On March 25th my mom arrived in Swaziland for PVT! PVT stands for Parent Vision Trip, and is basically exactly what it sounds like. My mom flew out to Africa for about five days to see what life on the field is like and experience what I’ve been doing for the past seven months. We went to Care Points, planted trees, and got to hang out with each other and some of my squadmates and their parents. It was a really great week! I asked my mom to write a blog about her experiences and so here it is– enjoy!
I don’t even know her name. This little child, no more than 4 years old by appearances, became my friend for a few hours one afternoon at the Care Point I was assigned to. Wide soulful eyes, beautiful dark skin, she attached herself to me with little prompting from myself. I lifted her up to the monkey bars, lifted her down, up, down, up, down again. I lost count of how many times. And she never grew tired of it. She caressed the ring on my finger, played with my glasses, fingered my elbows. We played group games and skipped together under the arch of arms as everyone sang. Other times she just sat. On my lap. Watching. Content to just be there. Comforted by the touch of another human being.


Who is this precious child? The silent one but yet content. The one with the pink sandals that don’t buckle. The one clad in a sweat suit so desperate to be laundered. I was privileged to get a tiny glimpse of her life that afternoon, yet I haven’t a clue as to what her story is. What sorrows linger behind those eyes? What pain weighs upon her little body? One thing I do know is that she is beloved of God. That is certain. And we can be sure that her Father in Heaven knows her intimately. And He weeps.
She began her walk ‘home’ at 5 pm after a long day in the sun. I don’t know how long she would walk. Half an hour, an hour? It’s possible, even probable. Where is her home? Is it her home? Does she have parents or is she living with someone who, out of kindness and perhaps necessity, has taken her into their home since her own parents are no longer living? Will she eat tonight? If so, what will fill her belly, if it’s filled at all? What will she do between her arrival home and going to bed? Does she even have a bed? Perhaps she’ll have chores to do. Perhaps she’ll have nothing to do. Maybe she’ll just sit, as she sat at the Care Point, watching and waiting – and for what? So many questions….

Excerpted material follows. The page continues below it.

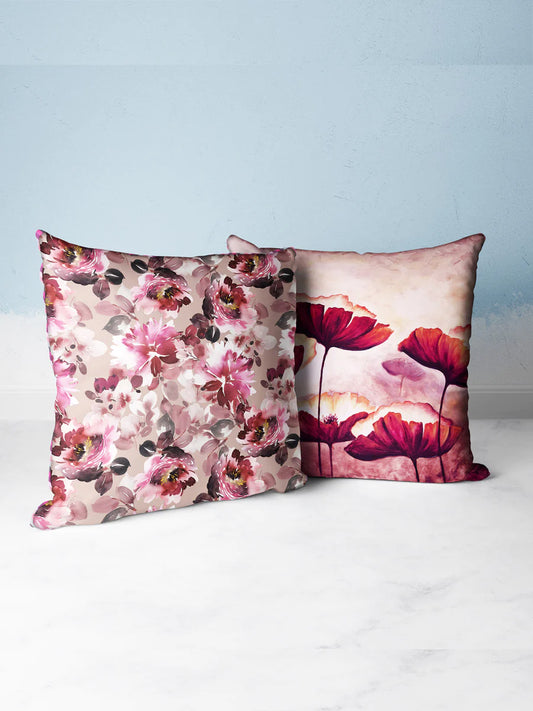 Designer Reversible Printed Silk Linen Cushion Covers (floral-wine/plum)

One child of many. So many it’s hard to comprehend. In a country as small as Rhode Island, ravaged by AIDs with the highest HIV prevalence in the world, the number of orphans and vulnerable children is astounding. Around 62% of the population are under the age of 15 and only 5% are aged 60 and over. Consider the impact on families. Consider the impact on the productive workforce age range. Consider the impact on the elderly, having to care for the children. Consider the impact on the already existing poverty.
So now what? What do I do with this? I’m back home, catching up on sleep, resuming my teaching and my routine, settling into my nice little bubble. Don’t get me wrong, I love my life, my work, and am so grateful for the niceties I experience daily. But what about her? Now I’ve met her face to face, how do I go back to ‘normal?’
In many ways my life will go on as usual. Yet change must come, and it will come from within. Through my attitudes, my choices, my perspective on everything, how I see people, how I treat them, my sense of entitlement, my awareness of the privileges I have. These are the obvious ones. There will be more as I continue to process my time in Swaziland. I pray the inner changes will manifest outwardly in time as I seek simplicity, advocate more for vulnerable children, deal with the excess in my own life, and become more mindful of how God asks us to live our lives no matter where we live: whether in the suburbs of the affluent west, or in the rural communities of Swaziland. And it is this: “To act justly and to love mercy and to walk humbly with your God” Micah 6:8b.
It is a journey for all of us. We are a forgetful people, caught up in the deceitfulness of the human heart, the temptations of our culture and the tantalizing desires that bombard us daily. Last week I was privileged to step away from these things (albeit not the deceitfulness of the heart. Unfortunately that goes with me no matter how far I travel!). And I caught a glimpse of another world. Not one that is just or right – far from it. But one that has made me stop, think, ponder, consider, reflect, repent – and one that ultimately I must respond to.
I must remember the children. This is God’s way of stirring something within me. I choose to remember. My heart is wider, and more open, and a little more broken than it was before. I will not forget. I will remember the children.